Utah Admin. Code R315-270-1 - Hazardous Waste Permit Program - Purpose and Scope of This Rule
(a) No person shall own, construct, modify,
or operate any facility for treating, storing, or disposing of hazardous waste
without first submitting, and receiving the approval of the director for, a
hazardous waste permit for that facility. However, any person owning or
operating a facility on or before November 19, 1980, who has given timely
notification as required by Section 3010 of the Resource Conservation and
Recovery Act (RCRA) of 1976, 42 U.S.C., Section 6921, et seq.,
and who has submitted a proposed hazardous waste permit as required by Section
R315-270-1 and Section
19-6-108 for that facility, may
continue to operate that facility without violating Section
R315-270-1 until the permit is
approved or disapproved pursuant to Section
R315-270-1.
(b)
(1) The
director shall review each proposed hazardous waste permit application to
determine whether the application will be in accord with Rules R315-260 through
R315-266, R315-268, R315-270, and R315-273, and Section
19-6-108 and, on that basis, shall
approve or disapprove the application within the applicable time period
specified in Section
19-6-108. If, after the receipt of
plans, specifications, or other information required under Rule R315-270 and
Section 19-6-108 and within the applicable
time period of Section 19-6-108, the director determines that the proposed
construction, installation or establishment or any part of it will not be in
accord with the requirements of Rule R315-270 or other applicable rules, the
director shall issue an order prohibiting the construction, installation or
establishment of the proposal in whole or in part. The date of submission shall
be the date that the required information is provided to the director as
required by Rule R315-270.
(2) Any
permit application that does not meet the requirements of Rules R315-260
through R315-266, R315-268, R315-270, and R315-273 shall be disapproved within
the applicable time period specified in Section 19-6-108. If within the
applicable time period specified in Section 19-6-108 the director fails to
approve or disapprove the permit application or to request the submission of
any additional information or modification to the application, the application
may not be considered approved but the applicant may petition the director for
a decision or seek judicial relief requiring a decision of approval or
disapproval.
(3) An application for
approval of a hazardous waste permit consists of two parts, part A and part B.
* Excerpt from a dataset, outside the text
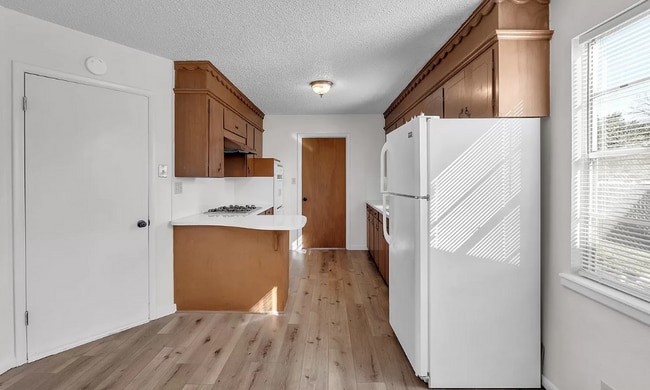 Building Photo - Beautiful 3 Bedroom Home! Jenks Schools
For an existing facility, the requirement is satisfied by submitting only part
A of the application until the date the director sets for each individual
facility for submitting part B of the application, which date shall be in no
case less than six months after the director gives notice to a particular
facility that it shall submit part B of the application.
(c) Scope of the hazardous waste permit
requirement. Section 19-6-108 requires a permit for the "treatment," "storage,"
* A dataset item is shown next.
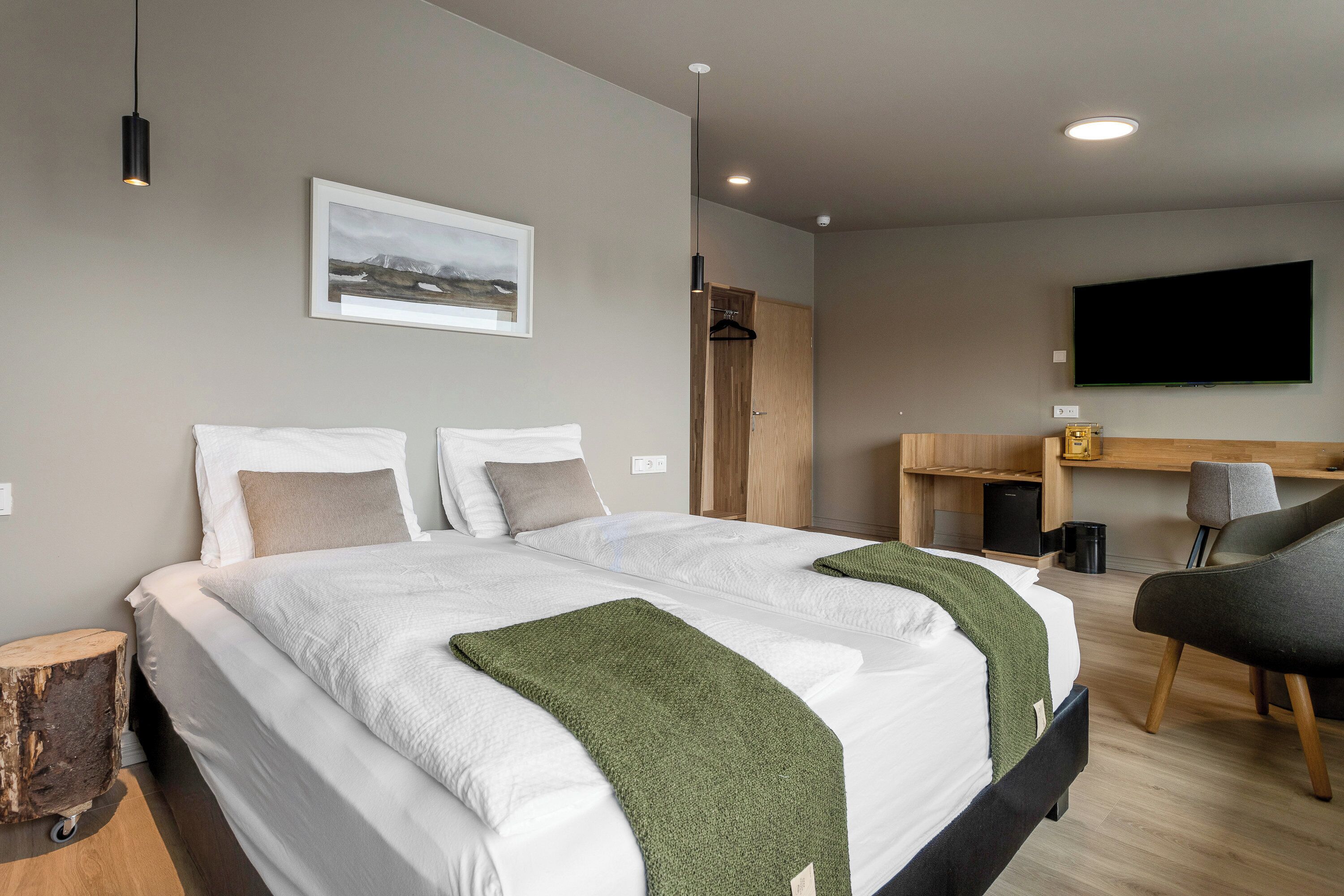 Bureau, fer et planche à repasser, lits bébé (gratuits), Wi-Fi gratuit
and "disposal" of any "hazardous waste" as identified or listed in Rule
R315-261. The terms "treatment," "storage," "disposal," and "hazardous waste"
are defined in Section
R315-270-2. Owners and operators
of hazardous waste management units shall have permits during the active life,
including the closure period, of the unit. Owners and operators of surface
impoundments, landfills, land treatment units, and waste pile units that
received waste after July 26, 1982, or that certified closure, in accordance
with Section R315-265-115, after January 26,
1983, shall have post-closure permits, unless they demonstrate closure by
removal or decontamination as provided under Subsections
R315-270-1(c)(5)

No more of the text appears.